STUDIA MATHEMATICA  Issue no. 2 / 2007  
Article: 
BOOK REVIEWS  K. BURNS AND M. GIDEA, DIFFERENTIAL GEOMETRY AND TOPOLOGY WITH A VIEW TO DYNAMICAL SYSTEMS, CHAPMAN & HALL/CRC (STUDIES IN ADVANCED MATHEMATICS), 2005, ISBN 1584882530, 9781584882534, HARDCOVER, IX+389 PP.. Authors: PAUL A. BLAGA. 

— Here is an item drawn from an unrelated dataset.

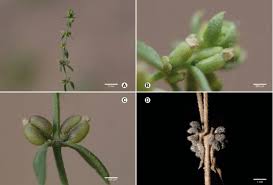 Galium verticillatum: A-plant, B-flowers, C-glabrous fruits ...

Abstract: This is a graduate course on the topology and differential geometry of smooth manifolds, introducing, in parallel, the basic notions of smooth dynamical systems. The first two chapters of the book introduce the basics of differential topology (manifolds and maps, the tangent bundle, immersions, submersions, embeddings, submanifolds, critical points, the Sard’s theorem) and vector fields and the associated dynamical systems. The following three chapters make up a concise introduction to Riemannian geometry, covering most of the standard material (Riemannian metrics, connections, geodesics, the exponential map, minimal geodesics, the Riemannian distance, Riemannian curvature, Riemannian submanifolds, sectional and Ricci curvature, Jacobi fields and conjugate points,manifolds of constant curvature). Chapter 6, Tensors and Differential Forms, is devoted, essentially, to integration theory of manifolds, as well to the de Rham cohomology. It is also, introduced the singular homology and it is given a proof of the de Rham theorem. Chapter 7 is concerned with some global results in the theory of smooth manifolds and Riemannian geometry (the Brouwer degree, the intersection number, the fixed point index, the Lefschetz number, the Euler characteristic and the GaussBonnet theorem), while the chapter 8 covers the basic notions and results of Morse theory. Finally, the chapter 9 provides a short introduction to the theory of hyperbolic dynamical systems.